There is no doubt that Jakarta wishes to take a tougher line with the military junta, but it faces a familiar challenge: the need to reach a consensus among ASEAN member states on any alteration to the Five-Point Consensus, let alone its replacement with a more robust plan. Even reaching this consensus among the “ASEAN 9” – the bloc minus Myanmar – is likely to prove difficult, given the more accommodating positions of Vietnam, Laos, Cambodia, and Thailand toward Myanmar’s military rulers. (To be sure, a new government could soon be in office in Thailand, but the prospect of a radical shift on Myanmar policy after next month’s election is unlikely, given that the most progressive parties face a raft of structural constraints.)
Even should this consensus emerge, there is only so much that ASEAN can do given its doctrine of “non-interference” in the internal affairs of member states. While this principle is open to interpretation, and could conceivably be bent in the direction of a more activist Myanmar policy, this would again encounter pushback from some members of the bloc.

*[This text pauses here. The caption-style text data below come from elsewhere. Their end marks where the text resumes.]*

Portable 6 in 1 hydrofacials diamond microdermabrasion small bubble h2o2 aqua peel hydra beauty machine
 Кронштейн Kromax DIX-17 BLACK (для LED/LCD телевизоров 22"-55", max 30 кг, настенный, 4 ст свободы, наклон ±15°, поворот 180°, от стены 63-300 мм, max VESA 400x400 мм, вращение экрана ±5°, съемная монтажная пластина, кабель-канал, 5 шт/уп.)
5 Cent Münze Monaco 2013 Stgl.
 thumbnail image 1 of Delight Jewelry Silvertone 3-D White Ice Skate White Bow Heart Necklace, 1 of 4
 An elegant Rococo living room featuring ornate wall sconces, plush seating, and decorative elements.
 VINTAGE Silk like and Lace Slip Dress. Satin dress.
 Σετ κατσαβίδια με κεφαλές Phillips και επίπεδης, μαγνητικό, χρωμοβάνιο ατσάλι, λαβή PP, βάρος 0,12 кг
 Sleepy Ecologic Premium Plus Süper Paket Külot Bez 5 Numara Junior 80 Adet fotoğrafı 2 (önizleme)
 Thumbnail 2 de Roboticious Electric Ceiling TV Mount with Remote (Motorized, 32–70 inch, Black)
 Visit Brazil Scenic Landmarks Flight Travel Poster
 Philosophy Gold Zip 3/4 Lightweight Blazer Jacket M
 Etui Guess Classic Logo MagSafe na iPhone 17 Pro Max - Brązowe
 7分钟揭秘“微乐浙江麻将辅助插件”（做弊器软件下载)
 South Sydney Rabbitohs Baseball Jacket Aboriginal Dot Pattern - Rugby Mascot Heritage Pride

Beyond this, as I noted last November, ASEAN will quickly reach the natural limits of what it can do to coerce Myanmar’s military, short of actively working toward its overthrow. The Tatmadaw, after all, is an institution that has shown its ability to weather long periods of isolation, sustained by informal economic links to neighboring countries, a bounty of natural resources, a metastasizing illicit economy, and nurturing relationships with great powers Russia and China. Given that Myanmar’s resistance movement also sees little reason to negotiate – it, too, views its opponents as “terrorists,” with some reason – a binding resolution to the country’s conflict is beyond the power of any outside country or institution to bring about.
There is of course much more that the Southeast Asian bloc can do to communicate its opposition to the actions of Myanmar’s military junta, short of such a binding resolution– not least because of the damage the conflict has inflicted on ASEAN’s own international standing. It could begin engaging with the NUG and other opposition groups and make an advance announcement that it will refuse to accept any elections staged by the military. It could even temporarily suspend Myanmar’s membership in ASEAN, pending conciliatory moves.
Myanmar’s military has long placed itself outside the mainstream of the global community. Today’s ASEAN chairman’s statement raises questions about what Indonesia will be willing or able to do in response.